In diesem Falle könnte man den Satz so ergänzen:

Das Gedicht zeigt,

  1. wie es einem Menschen in einer Winternacht ergeht, wenn er „betrunken von purpurnem Wein“ den „Bezirk der Menschen“ verlässt,
  2. wie er die „Finsternis“ am Anfang noch fast bejubelt,
  3. wie „Schwarzer Frost“ und harte Erde dafür sorgt, dass die Luft für ihn eher „nach Bitterem“ schmeckt“ und er die Sterne mit „bösen Zeichen“ verbindet,
  4. dass er sich schließlich „am Bahndamm“ wie ein Soldat fühlt, „der eine schwarze Schanze stürmt“ und
  5. dann immer mehr in unangenehme Fantasien verfällt und die Wirklichkeit gar nicht mehr real wahrnimmt,
  6. wie er sich schließlich danach sehnt, sich „über den Schlaf eines Wächters“ zu neigen, „der in seiner hölzernen Hütte hinsank“,
  7. dann sich dem Untergang immer näher fühlt
  8. und dann ein zweites Mal jubelnd aufstöhnt, es ist „der steinerne Hügel“ einer Siedlung, der alles Belastende dahinschmelzen und die Sorgen vergessen lässt,
  9. wie er schließlich in einen totenähnlichen Schlaf verfällt, wobei ihn noch lange die Sterne verfolgen,
  10. wie er schließlich wie weiland Faust durch die Osterglocken zu neuem Leben aufgeweckt wird und es „der rosige Tag“ ist, der ihm „silbern“ entgegentritt.

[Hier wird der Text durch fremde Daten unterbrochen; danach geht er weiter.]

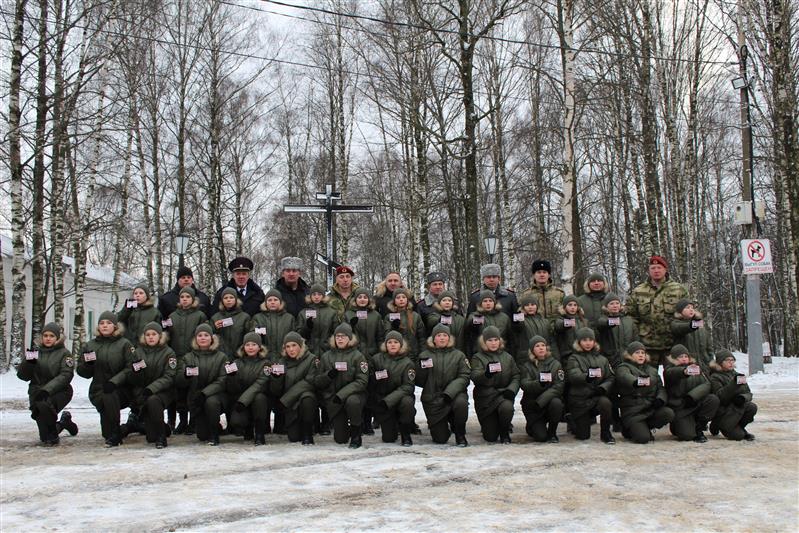 Учащиеся оборонно-спортивного класса Росгвардии в Череповце принесли кадетскую клятву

Und dann gibt es auch noch die Frage nach „Statik und Dynamik“ in diesem Gedicht

Das ist wieder so eine typische Germanistenfrage.

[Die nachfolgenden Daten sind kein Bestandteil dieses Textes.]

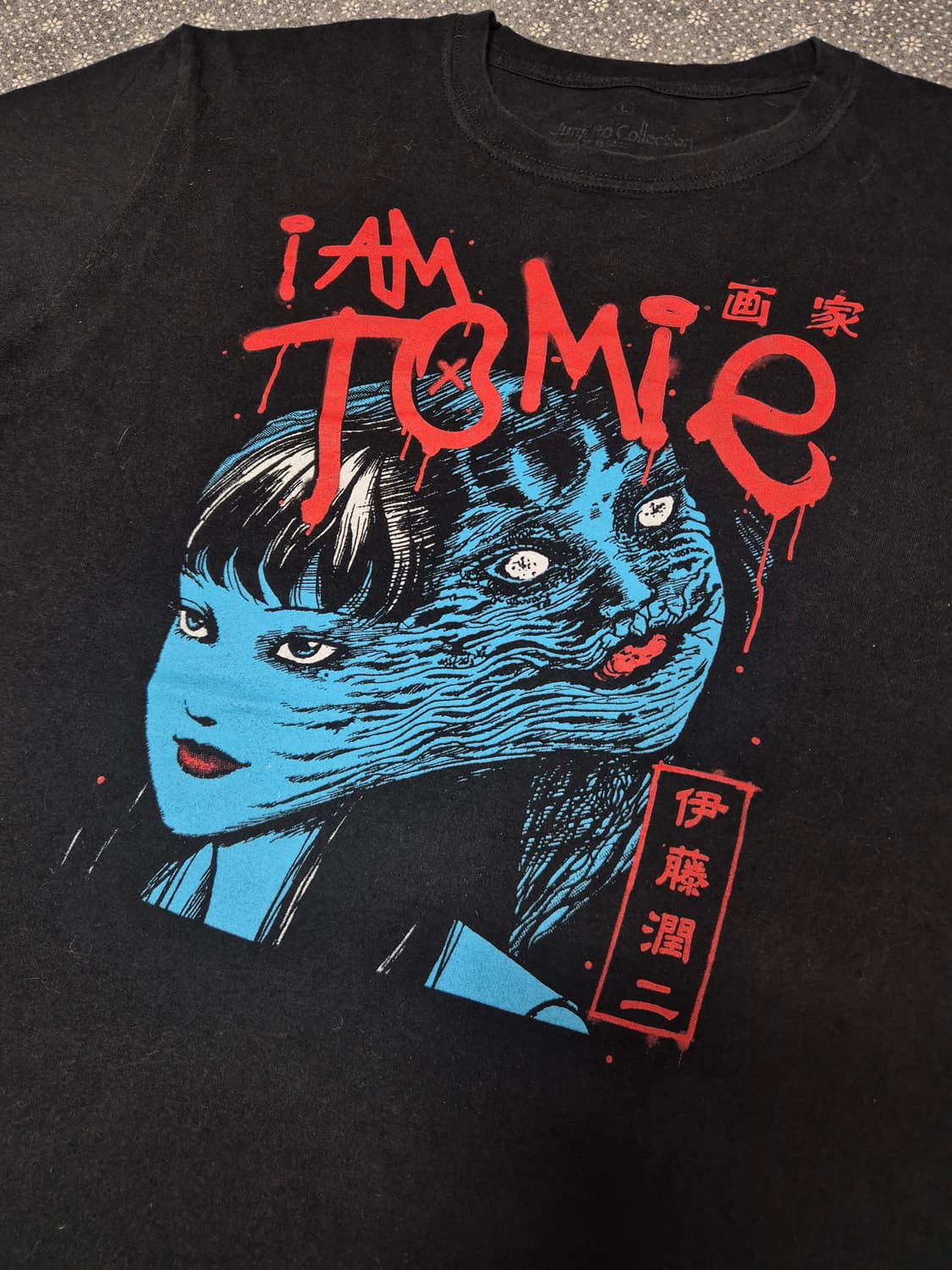 [L]이토준지 토미에 오피셜 티셔츠 -236 상품이미지1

Kein Mensch käme von sich drauf, diese Gegensätze in diesem Gedicht für „konstitutiv“ zu halten.

Viel eher sieht man hier den Gegensatz zwischen Heimat und Abenteuer, zwischen dem „dunklen Bezirk der Menschen“, wo aber auch „die rote Flamme des Herdes“ brennt. Und auf der anderen Seite die „Finsternis“, die man erst schön findet, die einen dann aber zunehmend erkalten, ja fast schon  den Verstand verlieren lässt.

Aber gut, suchen wir Statik und Dynamik.

Am dynamischsten ist ja wohl das lyrische Ich, denn es bewegt und verändert sich.

Alles Drumherum ist Natur – und zwar eine zunehmend gefährliche, tötende.

Am Ende findet eine Art glücklicher Heimkehr statt – die Dynamik war in einem höheren Sinne ein Irrweg – und das lyrische Ich hätte es eher wie Eichendorffs Ich-Held im Gedicht „Sehnsucht“ machen soll – immer schön den anderen hinterherträumen, aber am sicheren Fenster bleiben.

Inwieweit diese Statik auf noch höherer Ebene den einen Schüler oder die andere Schüler zu dynamischem Protest herausfordert, das ist im unendlichen Spiralspiel des Umgangs mit Literatur halt die nächste Frage.